Ho ricevuto, ieri, un’interessante lettera del presidente della Camera Penale di Monza, Marco Negrini, che si sofferma sugli ultimi episodi di cronaca nera e, in particolare, anche se non lo esplicita, sul caso del presunto assassino di Yara. Nella missiva si parla di un “processo di piazza” e di “esistenze vivisezionate e offerte in pasto alla morbosa curiosità”. Come addetto ai lavori, debbo confessare che anch’io sono stato, in questi giorni, molto combattuto tra le esigenze di cronaca, soprattutto per una vicenda clamorosa che ha catturato l’attenzione di milioni di italiani, e i problemi di “privacy” per quei familiari che non sono direttamente coinvolti nel giallo. È il caso della mamma di Bossetti che ieri ha dovuto rilasciare un’intervista ad un giornale per dichiarare che, 44 anni fa, non ebbe alcuna relazione extraconiugale con Giuseppe Guerinoni, l’autista di pullman di Gorno, tirato in ballo nonostante sia morto da ben quindici anni e quindi del tutto estraneo al delitto.

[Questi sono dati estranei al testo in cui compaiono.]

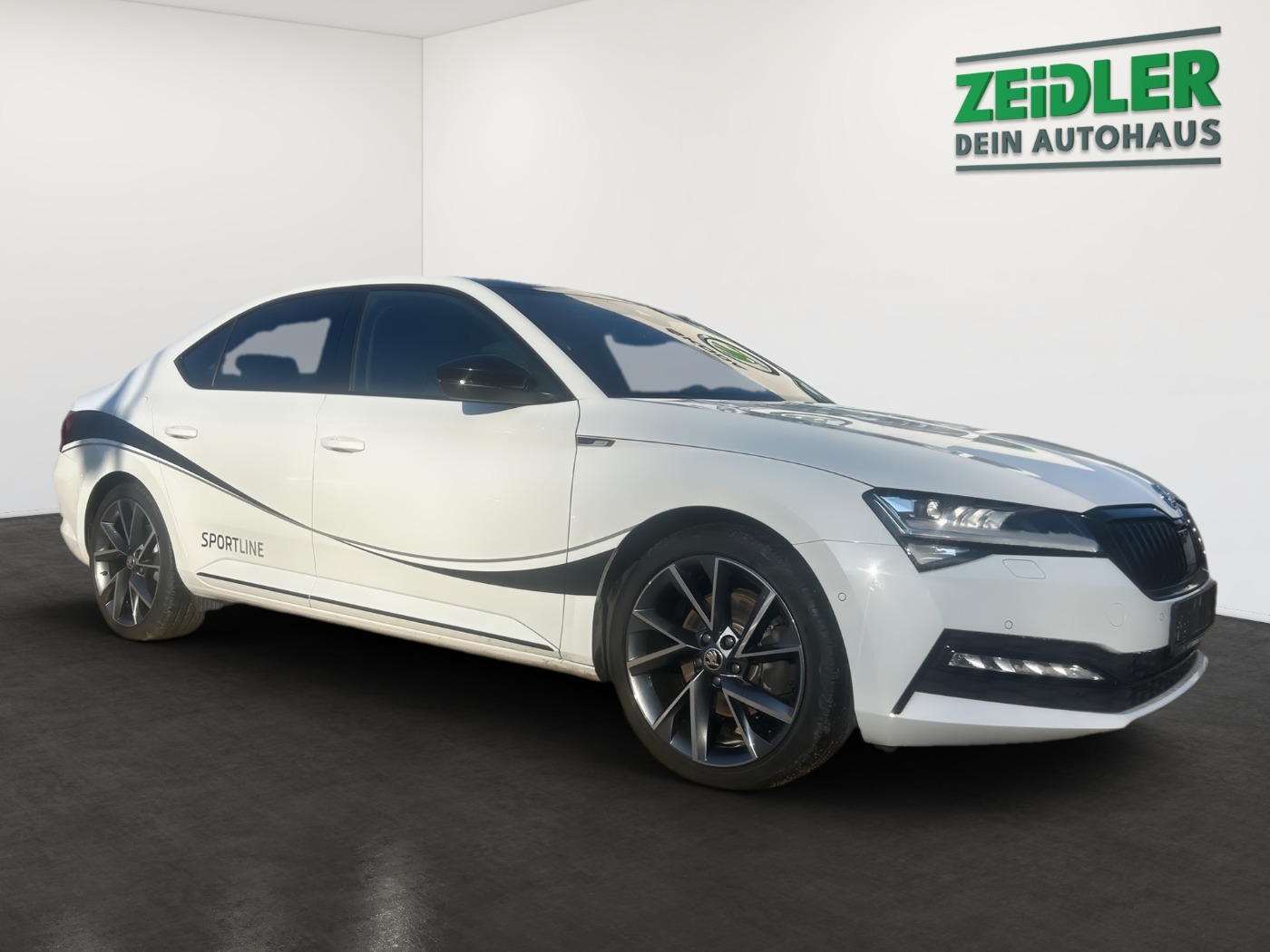 SKODA Superb Lim. 2.0 TDI 4x4 DSG Sportline AHK ACC VC Bild 2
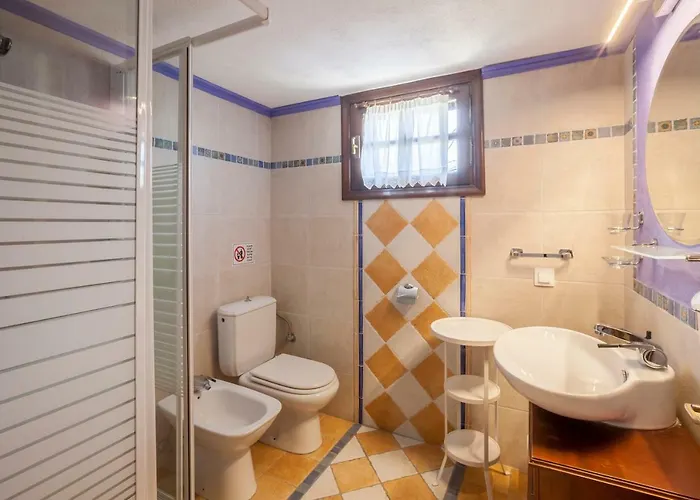 בית הארחה Alterra נאוס מרמרס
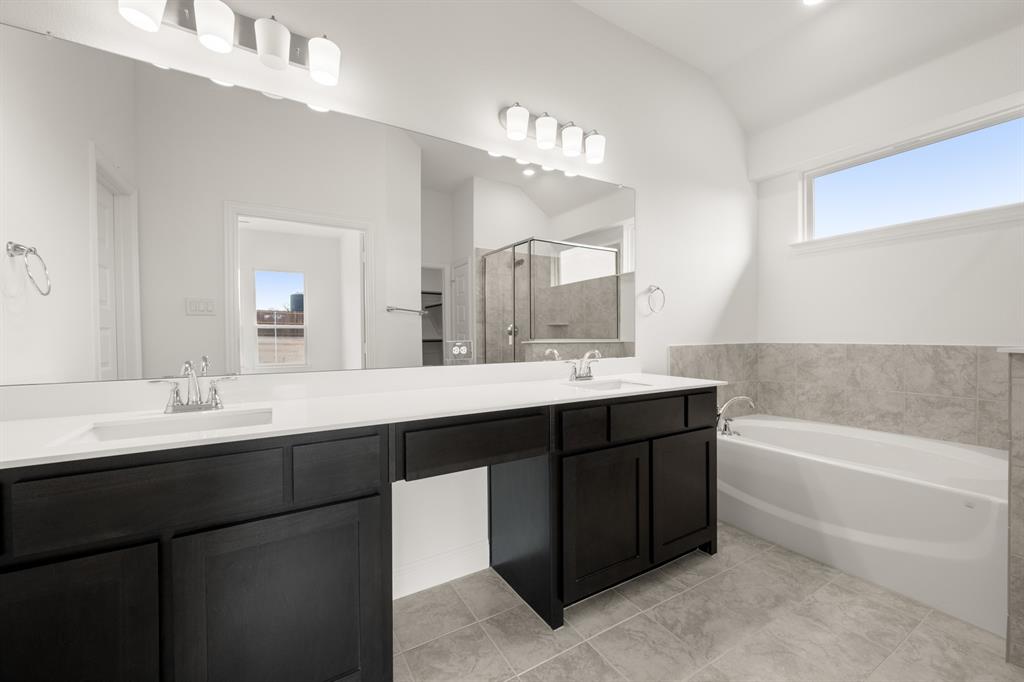 808 Stone Eagle Drive Azle, TX 76020 - Photo 18 of 28 808 Stone Eagle- Primary Suite-3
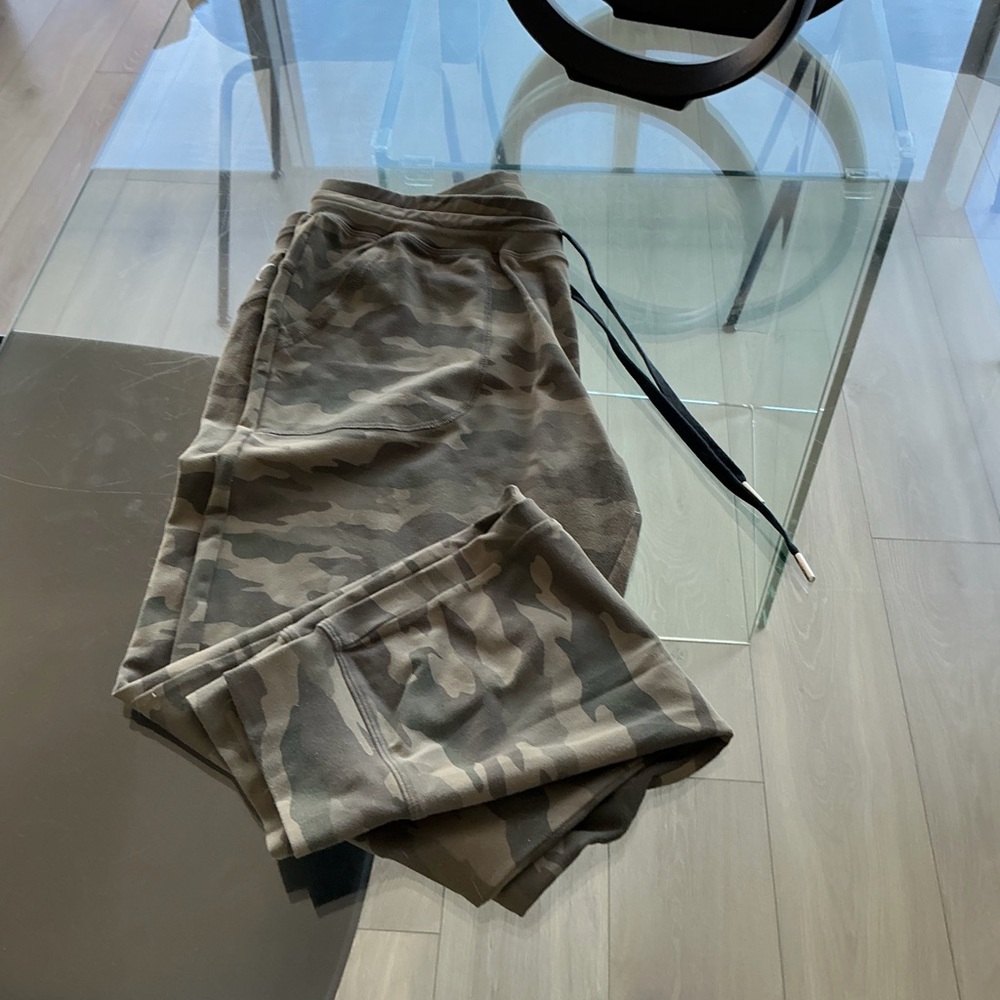 Zara Camo Track Pants in Olive Green and Tan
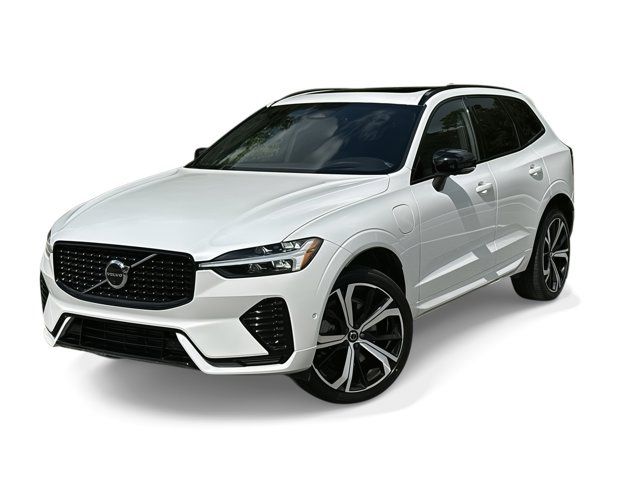 2022 Volvo XC60 Recharge Plug-In Hybrid R-Design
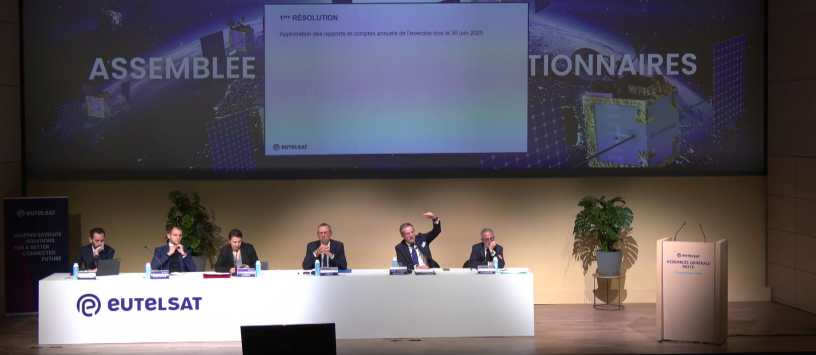 Les dirigeants d'Eutelsat lors de l'assemblée générale du 20 novembre 2025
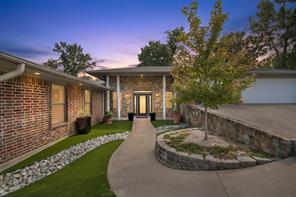 1227 Kiowa Drive W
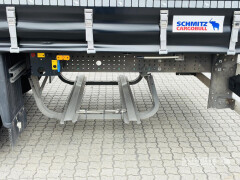 Schmitz Cargobull Curtainsider Standard Getränke 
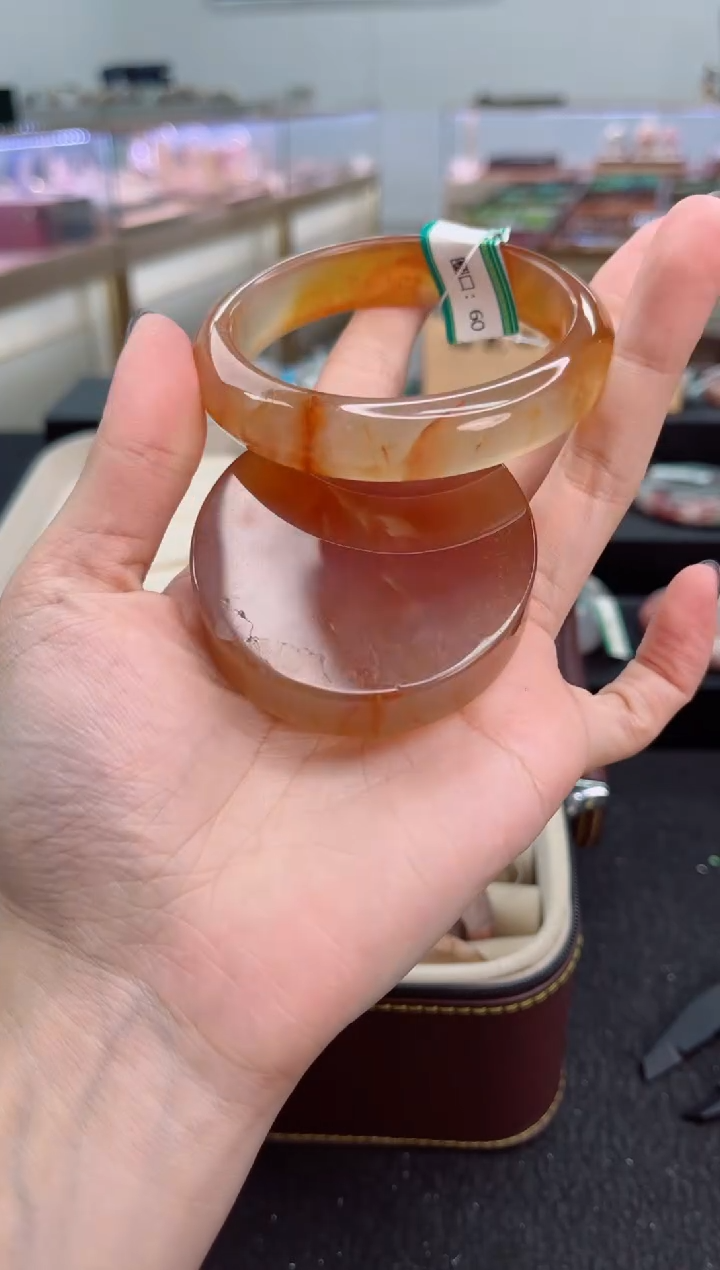 石英质玉手镯未镶嵌60圈口（赠品镯心）071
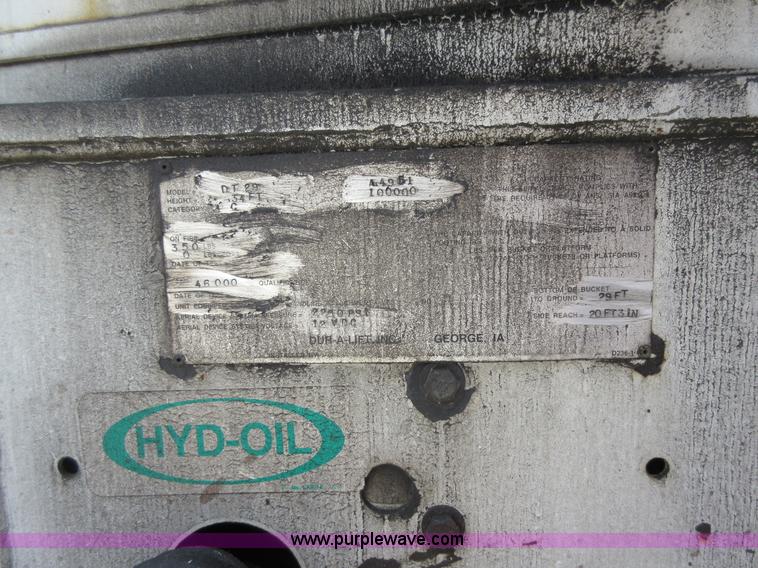 image for item G3610 2001 Chevrolet Silverado 3500 bucket truck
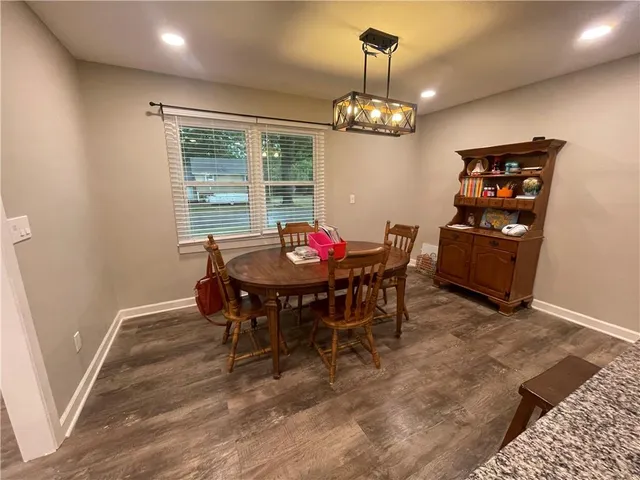 $274,900 | 202 20th Avenue South, Greenwood, MO 64034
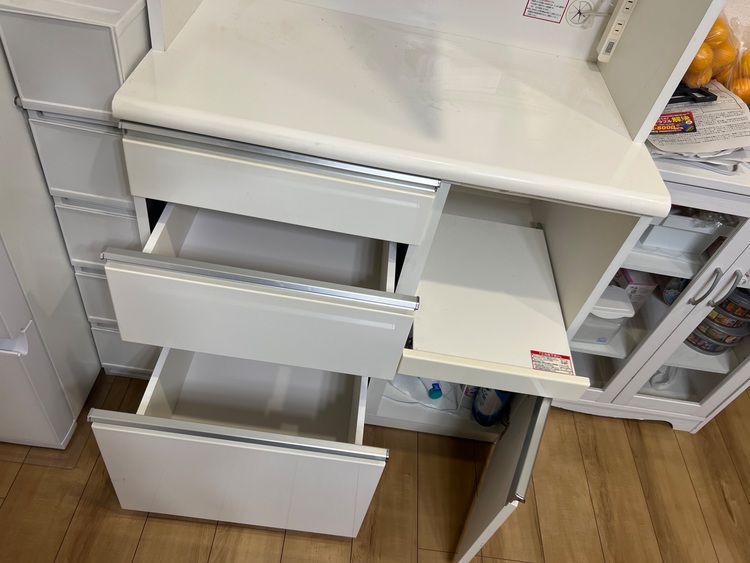 ニトリ　食器棚（家具・寝具）の商品画像 - 査定依頼日：2025年11月2日 - 最高査定価格：2,000円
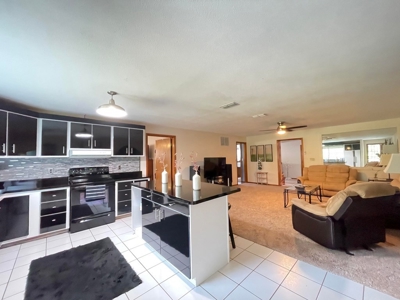 Home For Sale With Pool And Shop - Chiefland, Florida - image 5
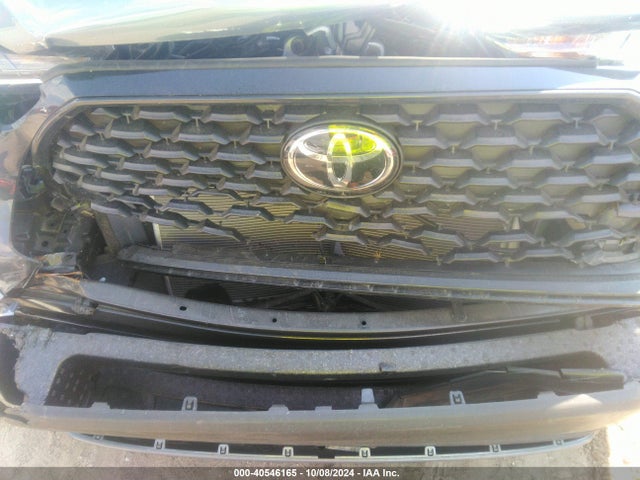 Toyota Corolla Cross L 2024 7MUAAAAG2RV092845 Image 12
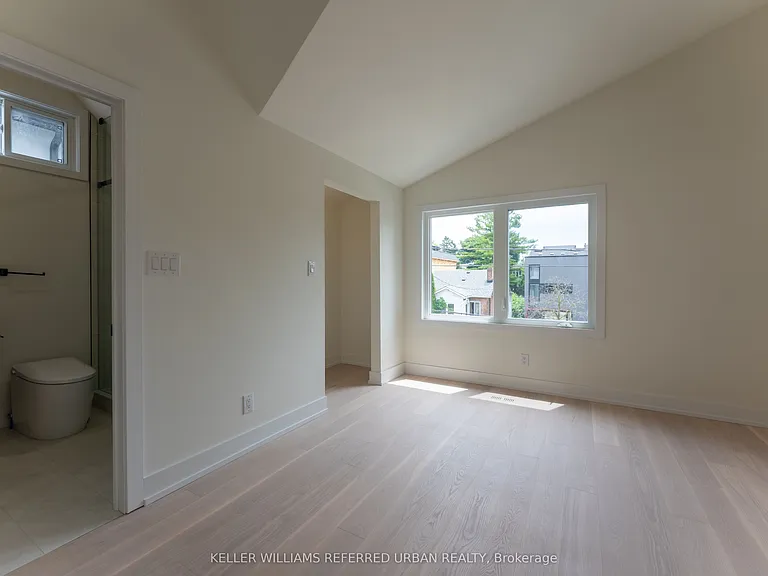 8 Doncaster Ave — Photo 18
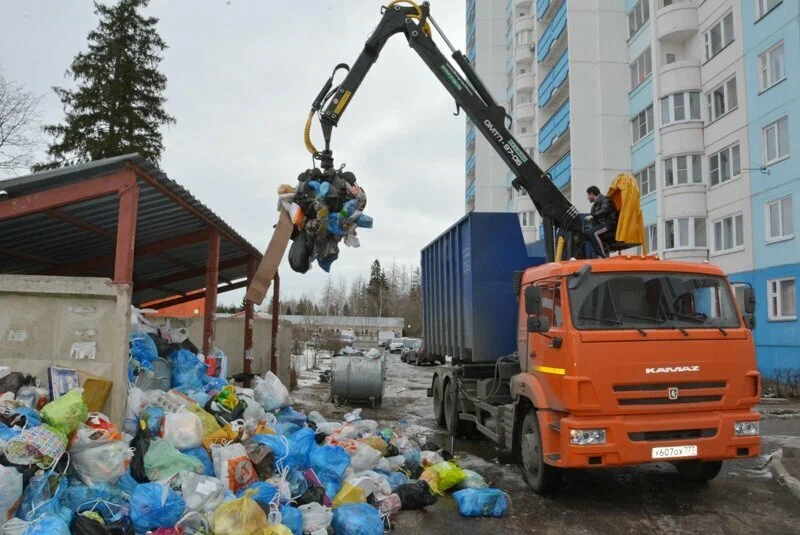 Вывоз бытового мусора в Ярцеве с погрузкой в октябре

È giusto rivangare, così platealmente, antichi episodi legati alla sfera intima di alcune persone? È vero che scoprire la paternità di Bossetti è, forse, determinante nella risoluzione dell’omicidio di Yara, ma non sarebbe male qualche “mea culpa” non solo da parte dei “mass media”. Tanto più che è stata approvata, di recente, una legge sulla “privacy” che, per il momento, è praticamente rimasta sulla carta. Forse, un po’ di discrezione e di rispetto in più non sarebbero male. In questa storia – basta ricordare la precipitosa uscita del ministro dell’Interno, Alfano -, c’è una voglia smodata di svelare trame o fornire informazioni bruciando i tempi, dimenticando ogni pietà. Credo che una riflessione sia d’obbligo. Per tutti.